Heftige Gewitter mit Starkregen und Sturmböen haben am Donnerstagabend in vielen Regionen Baden-Württembergs erhebliche Schäden angerichtet. Nach ersten Erkenntnissen kam in Karlsruhe ein Mensch ums Leben: Ein Baum stürzte während des Unwetters um und traf die Person tödlich, teilte die Polizei mit. Nähere Angaben machte sie zunächst nicht.

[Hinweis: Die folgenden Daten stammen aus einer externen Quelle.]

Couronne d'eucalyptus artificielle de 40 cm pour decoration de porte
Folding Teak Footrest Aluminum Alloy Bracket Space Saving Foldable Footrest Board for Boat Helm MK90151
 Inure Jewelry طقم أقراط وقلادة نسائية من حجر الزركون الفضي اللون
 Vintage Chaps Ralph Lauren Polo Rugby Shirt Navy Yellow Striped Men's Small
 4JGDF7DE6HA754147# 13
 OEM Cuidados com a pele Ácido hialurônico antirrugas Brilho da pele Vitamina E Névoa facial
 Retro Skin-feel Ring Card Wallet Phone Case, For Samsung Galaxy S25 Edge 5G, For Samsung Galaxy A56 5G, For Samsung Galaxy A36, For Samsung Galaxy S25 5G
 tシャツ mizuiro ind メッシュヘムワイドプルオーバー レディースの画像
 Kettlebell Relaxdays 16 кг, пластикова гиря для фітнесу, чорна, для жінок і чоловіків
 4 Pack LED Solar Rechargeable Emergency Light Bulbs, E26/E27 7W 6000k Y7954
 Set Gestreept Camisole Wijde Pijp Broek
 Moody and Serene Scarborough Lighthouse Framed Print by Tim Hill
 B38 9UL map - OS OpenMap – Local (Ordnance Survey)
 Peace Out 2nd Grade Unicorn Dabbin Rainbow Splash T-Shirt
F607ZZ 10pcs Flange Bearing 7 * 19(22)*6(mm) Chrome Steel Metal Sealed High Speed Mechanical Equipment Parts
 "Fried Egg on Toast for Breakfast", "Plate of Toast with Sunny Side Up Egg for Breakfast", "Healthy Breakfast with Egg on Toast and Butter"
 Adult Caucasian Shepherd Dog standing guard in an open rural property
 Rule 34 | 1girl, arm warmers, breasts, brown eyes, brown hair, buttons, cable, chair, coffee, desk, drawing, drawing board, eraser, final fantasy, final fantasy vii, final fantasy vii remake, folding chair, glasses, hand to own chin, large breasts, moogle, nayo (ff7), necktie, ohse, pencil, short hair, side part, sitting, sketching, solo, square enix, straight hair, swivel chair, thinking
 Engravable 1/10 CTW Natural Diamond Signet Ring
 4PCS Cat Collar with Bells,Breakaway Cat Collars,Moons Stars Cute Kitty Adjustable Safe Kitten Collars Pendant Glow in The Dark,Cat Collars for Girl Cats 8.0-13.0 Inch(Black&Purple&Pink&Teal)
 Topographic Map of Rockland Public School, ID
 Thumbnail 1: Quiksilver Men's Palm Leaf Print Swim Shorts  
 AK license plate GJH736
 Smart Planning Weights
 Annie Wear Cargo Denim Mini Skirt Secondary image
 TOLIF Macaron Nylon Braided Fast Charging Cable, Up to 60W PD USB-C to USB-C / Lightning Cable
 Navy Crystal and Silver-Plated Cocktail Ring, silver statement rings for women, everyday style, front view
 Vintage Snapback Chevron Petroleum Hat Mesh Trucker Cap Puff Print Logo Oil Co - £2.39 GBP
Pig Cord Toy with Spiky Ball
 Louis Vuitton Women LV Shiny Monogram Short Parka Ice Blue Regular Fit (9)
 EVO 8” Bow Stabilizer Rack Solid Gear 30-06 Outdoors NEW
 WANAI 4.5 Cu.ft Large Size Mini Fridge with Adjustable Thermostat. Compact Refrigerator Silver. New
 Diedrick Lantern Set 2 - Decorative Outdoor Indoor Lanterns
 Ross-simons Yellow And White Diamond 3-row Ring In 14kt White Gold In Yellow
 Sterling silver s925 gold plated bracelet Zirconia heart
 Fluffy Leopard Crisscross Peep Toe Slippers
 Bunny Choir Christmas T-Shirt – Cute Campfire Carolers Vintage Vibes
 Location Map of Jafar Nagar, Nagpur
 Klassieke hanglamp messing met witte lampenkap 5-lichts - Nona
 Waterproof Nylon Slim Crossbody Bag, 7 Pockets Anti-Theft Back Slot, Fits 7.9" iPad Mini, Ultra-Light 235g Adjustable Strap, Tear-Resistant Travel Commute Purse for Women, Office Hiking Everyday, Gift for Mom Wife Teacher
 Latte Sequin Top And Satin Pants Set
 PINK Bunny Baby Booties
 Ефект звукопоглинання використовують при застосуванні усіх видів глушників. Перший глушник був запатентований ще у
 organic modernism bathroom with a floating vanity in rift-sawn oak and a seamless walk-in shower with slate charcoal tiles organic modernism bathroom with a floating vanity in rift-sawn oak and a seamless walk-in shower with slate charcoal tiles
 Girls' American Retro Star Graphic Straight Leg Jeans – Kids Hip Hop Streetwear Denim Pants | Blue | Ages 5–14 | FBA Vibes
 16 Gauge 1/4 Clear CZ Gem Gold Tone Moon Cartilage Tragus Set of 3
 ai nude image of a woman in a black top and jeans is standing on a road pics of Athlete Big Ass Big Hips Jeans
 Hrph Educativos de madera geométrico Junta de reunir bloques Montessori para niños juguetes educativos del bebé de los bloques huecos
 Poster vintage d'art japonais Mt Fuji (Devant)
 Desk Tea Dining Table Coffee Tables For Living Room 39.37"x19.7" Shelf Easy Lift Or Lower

Auch über Ulm zog am Donnerstagabend eine Gewitterzelle. Die Feuerwehr Ulm berichtete unter anderem von herabfallenden Ästen und Dachziegeln. Mehrere Bäume seien umgestürzt. Einer traf ein fahrendes Auto, einer stürzte auf eine Stromleitung und ein anderer blockierte ein Bahngleis zwischen Ulm und Söflingen.
Hunderte Einsätze wegen Unwetter
Allein in Karlsruhe waren Feuerwehr und Technisches Hilfswerk mit Hunderten Einsatzkräften im Dauereinsatz. Die Branddirektion registrierte mehr als 250 wetterbedingte Einsätze bis in die Nacht. Zwischen 19 und 23 Uhr kam es laut Polizei zu zahlreichen Überflutungen und Überschwemmungen. Beschädigt wurden außerdem Ampeln und Fahrzeuge. Herabfallende Äste trafen mehrere Radfahrer sowie ein Kind, die leicht verletzt wurden. Eine Person wurde tödlich verletzt. Wegen der Vielzahl der Notrufe rief die Stadt eine sogenannte außergewöhnliche Einsatzlage aus, um die Einsätze zentral zu koordinieren.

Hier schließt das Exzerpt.